Cannibals In My Yard ?

I was one of them . . .

       I glanced up from my breakfast table and out the window saw, there on a stepping stone, was a Magpie eating its breakfast, too, and oddly, not more than two feet away stood a Robin intensely watching the action.

       It surprised me to see those two ‘enemies’ so close to each other, yet also   ignoring each other, and then saw, as the Magpie lifted its meal for another bite, that his meal was a still-living baby bird. There was no doubt that it was a baby Robin that had fallen from its nest.  And the Mother Robin had to stand there and watch the cannibal Magpie ruthlessly eat it.

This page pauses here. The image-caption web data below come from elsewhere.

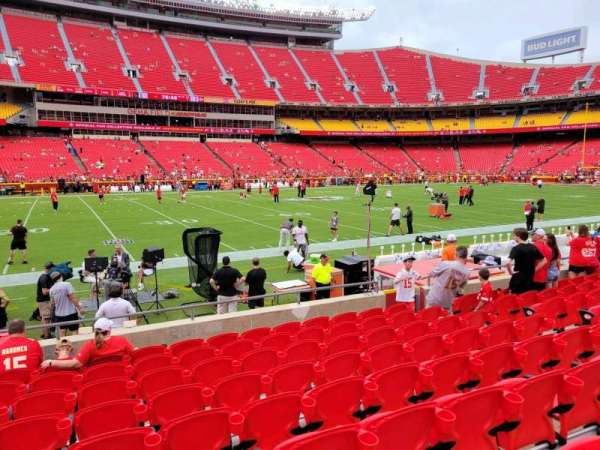 Arrowhead Stadium, section: 103, row: 9, seat: 10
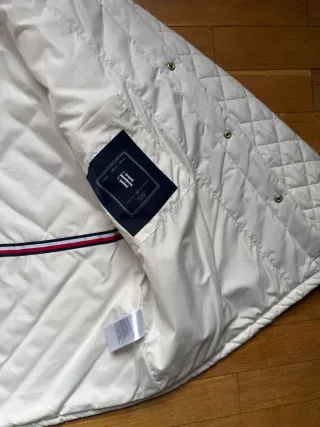 Abrigo Tommy Hilfiger Blanco Acolchado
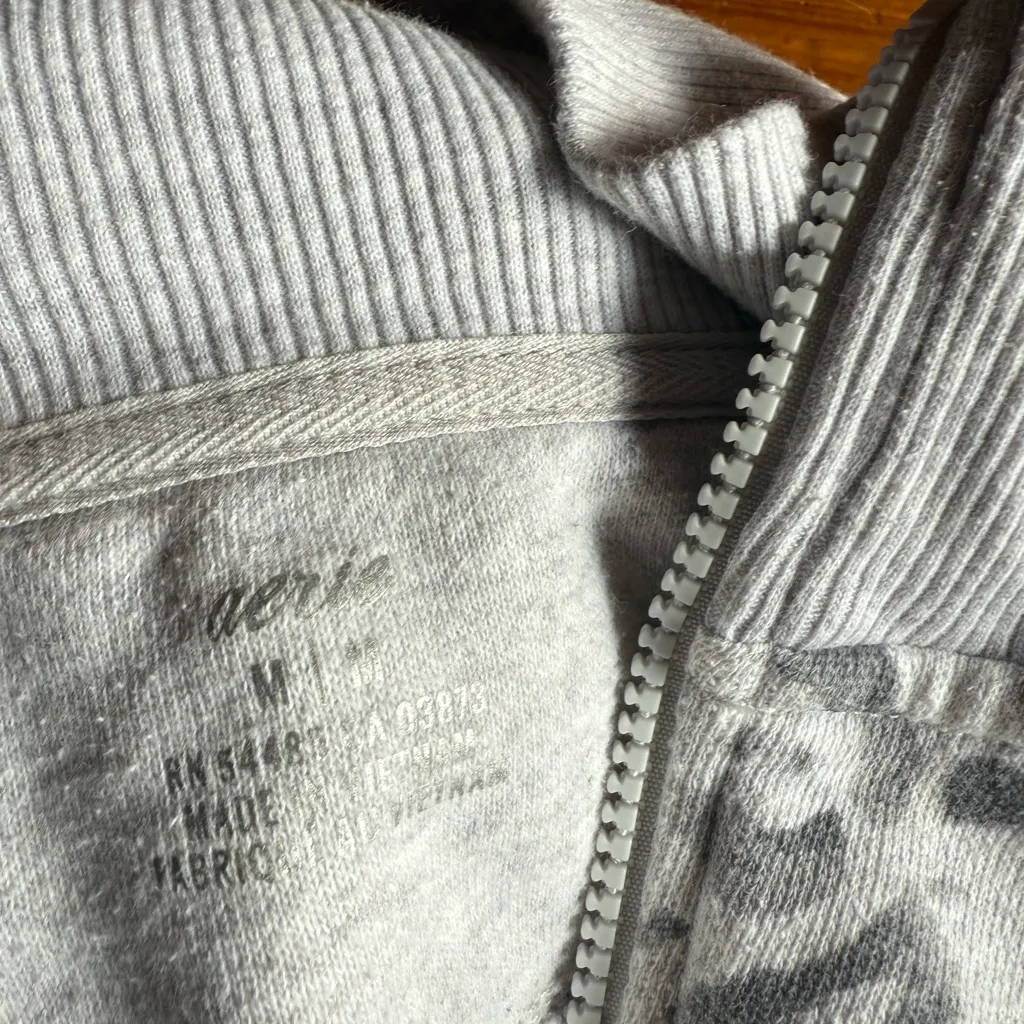 Aerie gray quarter zip sweatshirt size m - Image 2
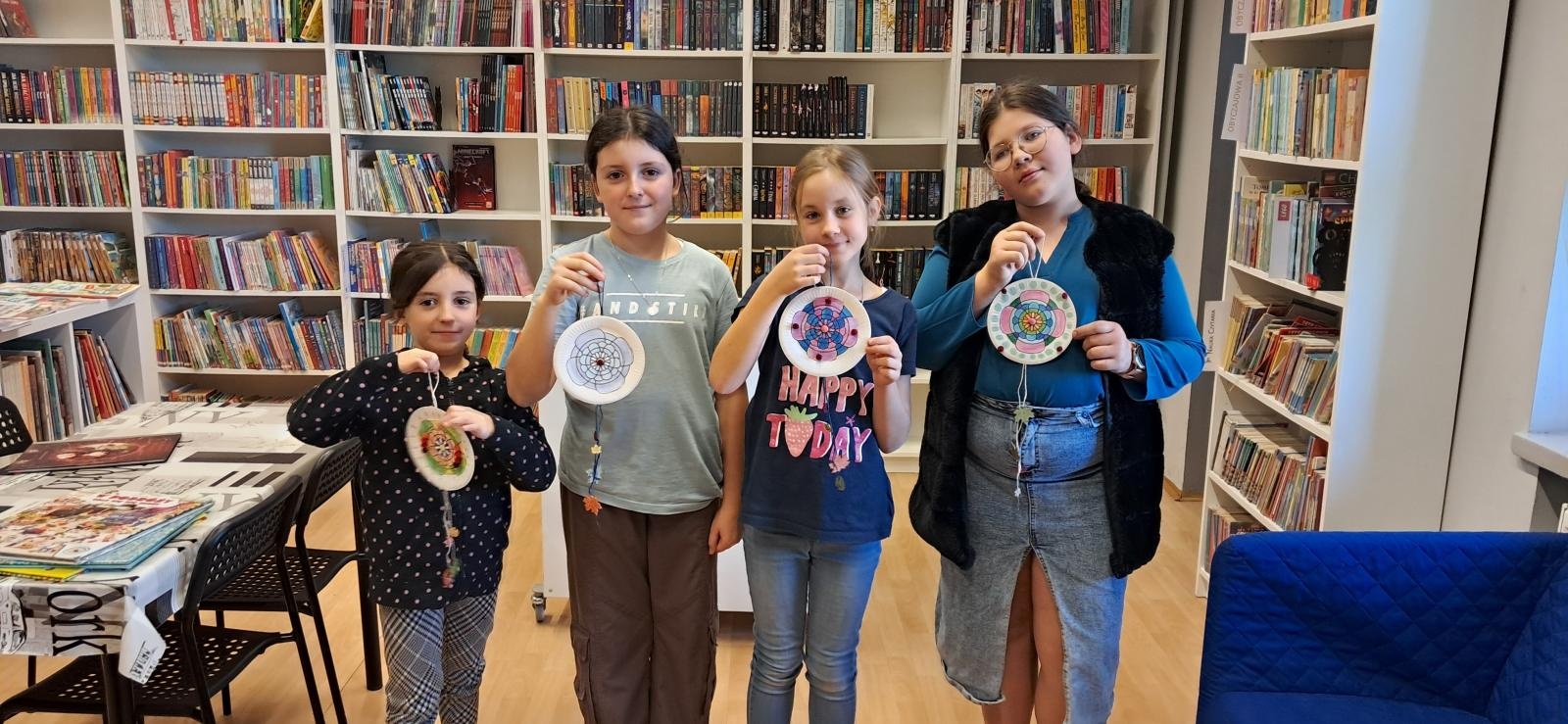 Zdjęcie w galerii na portalu naszraciborz.pl: Biblioteczne kluby polecają się na jesienną chandrę wiadomości z regionu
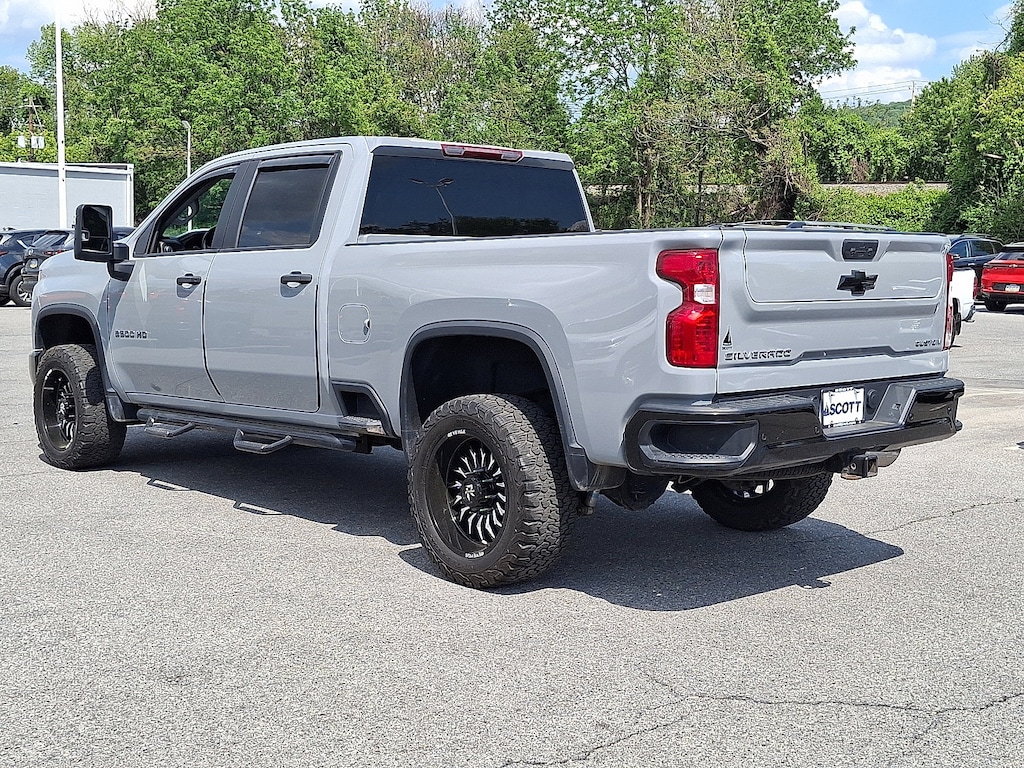 Used 2024 Chevrolet Silverado 2500 HD Custom Truck Crew Cab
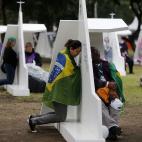 Una mujer envuelta en la bandera nacional de Brasil confiesa sus pecados en en el confesionario instalado en el parque de la Quinta da Boa Vista para la Jornada Mundial de la Juventud en Río de Janeiro, Brasil, 24 de julio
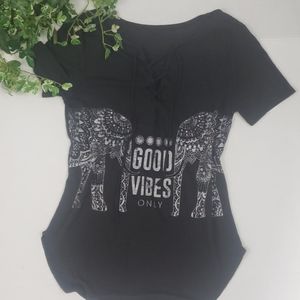 🔵5 for $25 Short sleeve graphic tshirt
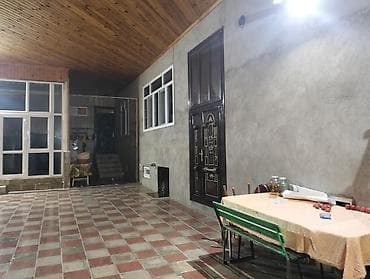 qaraj sumqayit: Satılır: həyət evi - Tikili: kərpic divarlar, dəmir giriş qapıları — 2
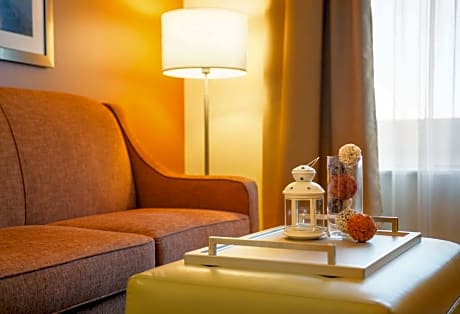 1King Mobilty/Hearing Access Tub Suite Nosmk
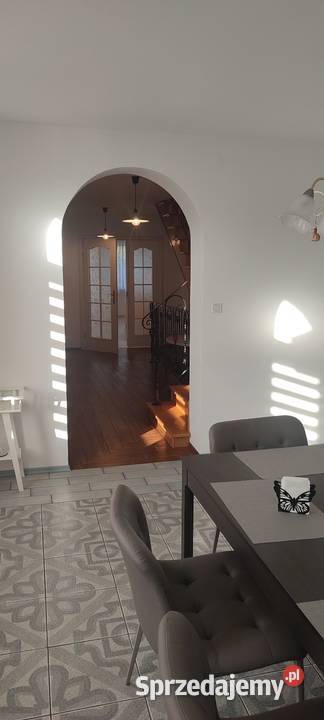 Sprzedam dom 440m2 samowystarczalny do zamieszkania Domy Kozienice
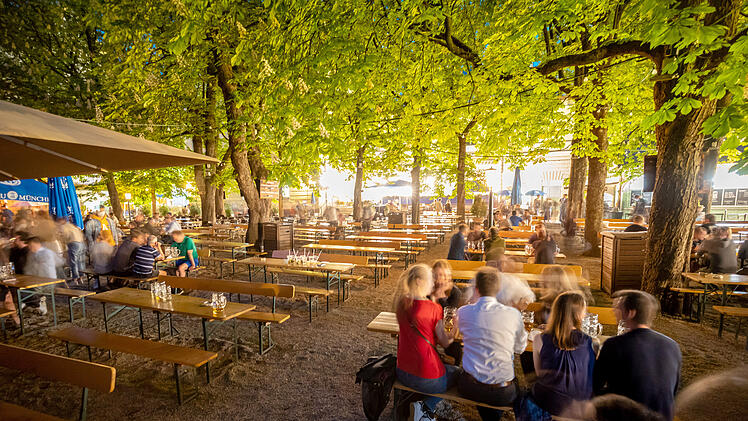 In den Biergarten darf man seine eigene Brotzeit mitbringen. Doch was zählt dazu?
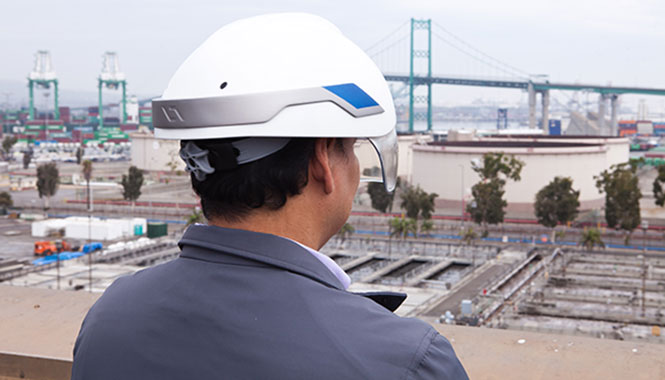 Topcon and DAQRI collaborate on wearable tech for construction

       I hurried to my  the door to chase that barbarian Magpie out of my yard, but stopped as I realized the baby would never live, and at the same time, another thought raced through my mind that halted me even more swiftly.

       Like a flash, I had realized that there on my plate, waiting for me to eat,  and which I had bought and prepared,  were two sausage patties that had  also come from a live animal. Yes, I knew my breakfast had come from a live pig  that had been killed and turned into sausage, knowing full well that someone would buy and eat it, too.

       And, dang it, I knew there was absolutely nothing different between me and the Magpie, except the different procedure in which fresh  meat had arrived at each of our tables.

       By then I’d lost all appetite for my sausages and decided they’d make a good meal for my cat.  But what difference would it make? 

       Not too long ago, everyone in our valley, raised animals to be butchered and used for their meals.  And I remember as a kid, when the neighborhood men would go to each other’s homes and work together to kill the animals they each had raised for that purpose.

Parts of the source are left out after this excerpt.